His wife Clara, whose official biography describes her as the team’s “co-owner,” has shown a commitment to community efforts in Brooklyn and beyond, contributing millions to Meek Mills’ Reform Alliance where she’s one of the founding partners. She’s on the bench more than he is, cheering and occasionally hosting a celebrity like Kobe Bryant and his daughter last month.

Bottom line: The organization is “renowned” (a pretty neat word), as one pundit put it recently, for its ability turn the franchise around and develop players and staff at the same time. One rival GM told us that Marks record with trades has made some of his colleagues reluctant to make deals with him. (Another executive said he was arrogant ... we’ll live with it.)

While Marks gets credit for finding gems on crutches (LeVert), in the G League (Dinwiddie) or sitting at home (Harris), it’s Atkinson and his very underrated staff who bring out the best in them.

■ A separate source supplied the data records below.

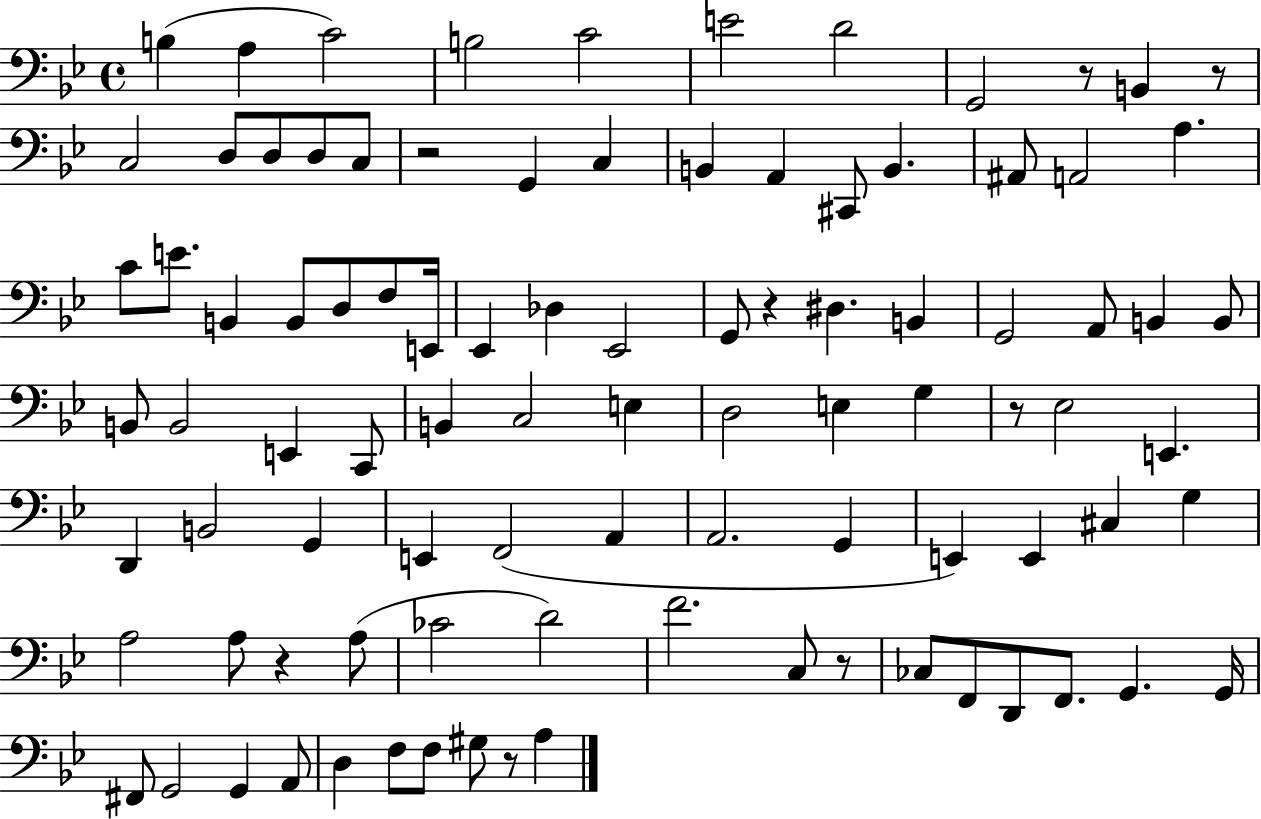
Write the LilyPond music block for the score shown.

{
  \clef bass
  \time 4/4
  \defaultTimeSignature
  \key bes \major
  b4( a4 c'2) | b2 c'2 | e'2 d'2 | g,2 r8 b,4 r8 | \break c2 d8 d8 d8 c8 | r2 g,4 c4 | b,4 a,4 cis,8 b,4. | ais,8 a,2 a4. | \break c'8 e'8. b,4 b,8 d8 f8 e,16 | ees,4 des4 ees,2 | g,8 r4 dis4. b,4 | g,2 a,8 b,4 b,8 | \break b,8 b,2 e,4 c,8 | b,4 c2 e4 | d2 e4 g4 | r8 ees2 e,4. | \break d,4 b,2 g,4 | e,4 f,2( a,4 | a,2. g,4 | e,4) e,4 cis4 g4 | \break a2 a8 r4 a8( | ces'2 d'2) | f'2. c8 r8 | ces8 f,8 d,8 f,8. g,4. g,16 | \break fis,8 g,2 g,4 a,8 | d4 f8 f8 gis8 r8 a4 | \bar "|."
}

“Culture” may be an ideal word for a drinking game while watching a Marks press conference, but the Nets are deadly serious about it. Culture is encouraged in a lot of ways, from pushing players to live in Brooklyn and thus near the training facility to having them cheer for the two-ways at a G League game. It seems to have worked.

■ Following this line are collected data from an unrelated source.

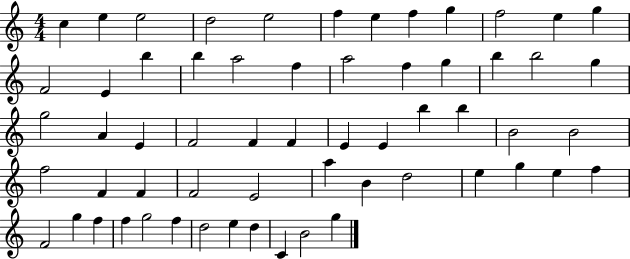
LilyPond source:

{
  \clef treble
  \numericTimeSignature
  \time 4/4
  \key c \major
  c''4 e''4 e''2 | d''2 e''2 | f''4 e''4 f''4 g''4 | f''2 e''4 g''4 | \break f'2 e'4 b''4 | b''4 a''2 f''4 | a''2 f''4 g''4 | b''4 b''2 g''4 | \break g''2 a'4 e'4 | f'2 f'4 f'4 | e'4 e'4 b''4 b''4 | b'2 b'2 | \break f''2 f'4 f'4 | f'2 e'2 | a''4 b'4 d''2 | e''4 g''4 e''4 f''4 | \break f'2 g''4 f''4 | f''4 g''2 f''4 | d''2 e''4 d''4 | c'4 b'2 g''4 | \break \bar "|."
}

There are subtle things as well, like Marks’ relationship with agents. When he walked in the door in 2016, he knew he needed agents as a constituency. The exaggerated offer sheets tendered to marginal players ultimately cost the Nets nothing but got the agents’ attention. When the Heat, Blazers, Rockets and Wizards matched the Nets sheets, each player’s agent got a nice commission. At the other end of the scale, the Nets manipulated the 10-day contract market and got players an extra year of service which could mean hundreds of thousands of dollars. Agents noticed that too.

Then, there’s Department of Little Things Mean a Lot: the family room off the practice court at Barclays; custom-made oversized furniture for big players at both Barclays and HSS; an outdoor lounge nine stories above Brooklyn’s streets with summer time views of the city; rides on the team plane for family and friends ... extra time with loved ones, a scarce commodity in a player’s nomadic season.

It may not matter to fans or (most) pundits, but it all matters to players. So fans should take a breath now and then and focus on bigger picture. The Nets will face a tough opponent in Luka Doncic Thursday. He may hang a number on them. That’d be bad, but overall, as Joe said, not that bad. We got time.